Une loi controversée dite « de sécurité citoyenne », entrée en vigueur au printemps, a donné un cadre légal au « rejet à la frontière » jusqu’alors pratiqué dans un certain flou juridique, afin de permettre aux gardes civils de refouler côté marocain, par de petites portes dans les grillages, les migrants qui viennent de poser le pied côté espagnol sans que ceux-ci puissent demander l’asile.

Enfin, l’Espagne a implanté d’étroites mailles anti-escalade afin d’empêcher les migrants de s’agripper aux barrières, même si certains viennent à présent munis de crochets. A peine touchées, les grilles, dotées de senseurs et de caméras, déclenchent une alarme dans la salle de contrôle du siège de la garde civile. Les unités stationnées à proximité ne tardent pas longtemps à se poster côté espagnol, tandis que les forces de l’ordre communiquent à leurs homologues marocains le lieu de l’approche.

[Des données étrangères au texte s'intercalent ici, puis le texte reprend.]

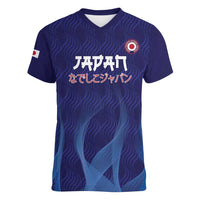 Custom Japan Football Women V-Neck T-Shirt Go Champions Nadeshiko Japanese - Wonder Print Shop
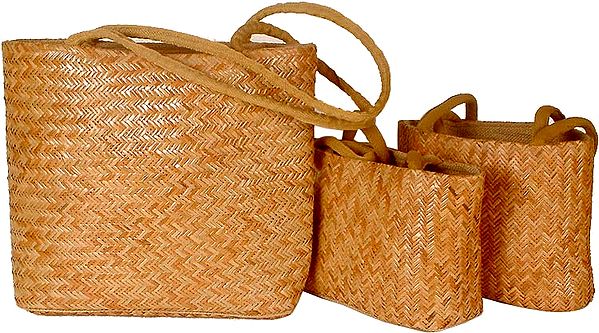 Set of Three Cane and Jute Shopper Bags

 « Le tonnerre gronde ailleurs »

Car aucune de ces mesures ne serait suffisante sans la coopération du Maroc. De l’autre côté des grillages espagnols, le royaume chérifien a fini d’installer en 2015 ses propres barbelés, a creusé un fossé et a posté de nombreuses patrouilles dans des tentes militaires, afin de les surveiller. Et surtout, il a démantelé les campements de fortune du mont Gourougou, où des centaines, voire des milliers, de migrants subsahariens attendaient leur heure pour franchir les portes de l’Europe, y revenant après chaque échec.

« La police marocaine nous poursuit. Elle nous fatigue. Elle casse tout. Elle a détruit notre ghetto », raconte Abdullah Baldé, un Guinéen de 20 ans, devant les portes du Centre de séjour temporaire des immigrés (CETI) de Melilla. Abdullah assure qu’il est passé seul, à la quatrième tentative, il y a un mois, car « en groupe, on est vite repéré ».

« On renvoie les migrants avec violence et on devrait s’en féliciter ?, s’indigne José Palazon, président de l’association d’aide à l’enfance Prodein. Lorsque le silence règne ici, le tonnerre gronde ailleurs. Ceux que l’on refoule ici vont ensuite tenter la traversée en mer. » Si l’Espagne est aujourd’hui loin d’être aussi exposée que la Grèce ou l’Italie, il fut un temps où elle connut, elle aussi, une grave crise migratoire.

En 2006, un an après l’annonce de la régularisation de près de 400 000 sans-papiers par le gouvernement socialiste de José Luis Rodriguez Zapatero, 39 000 personnes étaient parvenues à entrer illégalement dans le pays, en particulier via les îles Canaries, et beaucoup d’autres avaient disparu pendant la traversée. En 2014, à peine 300 migrants ont pris la mer pour rejoindre les Canaries.

Le nombre de migrants a augmenté

« La route atlantique s’est asséchée grâce à la coopération avec le Sénégal, la Mauritanie et le Mali et aux patrouilles conjointes sur terre, en mer et dans les airs », résume le colonel Villaseñor. Pour parvenir à couper cette voie, le gouvernement de M. Zapatero avait travaillé sur trois fronts : la surveillance avec l’aide de l’agence européenne Frontex, la coopération policière avec les pays d’origine et l’aide au développement en direction du Sénégal, du Mali et de la Mauritanie en particulier.

L’Espagne est-elle parvenue à couper à présent la voie de Melilla ? Rien n’est moins sûr. Car si les assauts des grillages ont cessé ces derniers mois, le nombre de migrants a augmenté. Alors que 5 300 entrées ont été recensées en 2014 (par le mur, mais aussi en bateau, à l’aide de faux documents ou cachés dans des véhicules), on en compte déjà 5 800 sur les huit premiers mois de l’année.

La plupart rêve d’Allemagne, comme Mohammed Hamoud, 20 ans, qui discute sur le terrain vague qui borde le CETI avec d’autres compagnons d’infortune. Lui s’est d’abord rendu de Damas à Istanbul, d’où il a pris un avion pour la Mauritanie avant de louer une voiture pour parcourir les 3 000 km qui le séparaient encore de Melilla. « Aucun Syrien ne souhaite rester en Espagne. Ils savent qu’il y a beaucoup de chômage [22 % des actifs] et que les salaires sont bas », assure un policier du bureau d’asile. Le Maroc et l’Espagne ne sont que des étapes de plus dans leur long périple. Et Melilla les regarde à peine passer.